Da “Taurus” também tirou dinheiro para suas impagáveis farras no Bar de Zezito, o Café Society. Quantas vezes o vi ali tomando cerveja, ouvindo e contando piadas com uma turma inesquecível. Seu tio e quase contemporâneo, Zeca Dantas, Edson Lima, Edmundo Esteves, meu pai, meu avô e meu tio, Dr. José Mathias com quem Nelson tinha uma relação muito especial. Vivendo em cidades diferentes e distantes, quando se encontravam, sempre trocavam presentes.

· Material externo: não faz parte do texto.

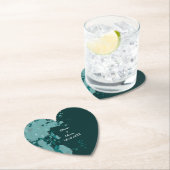 Aquamarin-grün-farbiger Spritzer Herz-Shaped Unter Untersetzer (Vor Ort)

Na verdade, o doutor e o mecânico e ex-caminhoneiro, tinham os mesmos princípios, os mesmos valores. Por isso se gostavam e se respeitavam tanto.
Das “cismas” de Nelson que podemos muito bem traduzir por sistemática, lembro-me aquela do cigarro. Fumante inveterado e já perto dos sessenta anos de idade esmaga o cigarro ao chão e com a determinação que sempre o marcou afirma: “Nunca mais ponho essa porcaria da na boca”. Nunca mais o fez. Aos setenta anos, saudável como sempre e apreciador de uma cervejinha, escorregou durante a festa de casamento de um dos filhos tomando um leve tombo. Levantou-se, ajeitou o cabelo e dirigiu-se a alguém que por ali passava. ”Tá na hora de deixar a cerveja”. Foi a última da vida.
Hoje Nelson completou 95 anos e tem um saldo de muitas histórias que ainda não podem ser contadas. Todas honoráveis, diga-se de passagem. Tem ainda muita saúde, leveza, um senso de humor inato e um batalhão de filhos, netos e bisnetos, todos carregando a sua marca de determinação e principalmente honradez. Feliz aniversário a todos os Bastos que podem comemorar os 95 anos do Nelson. Que possam muito mais!
Na festa de 95 anos, Nelson, Maria Eliza, filhos, noras e netos.
E puderam; Nelson Silva Dantas Bastos, 100 anos em 29 de abril de 2015!”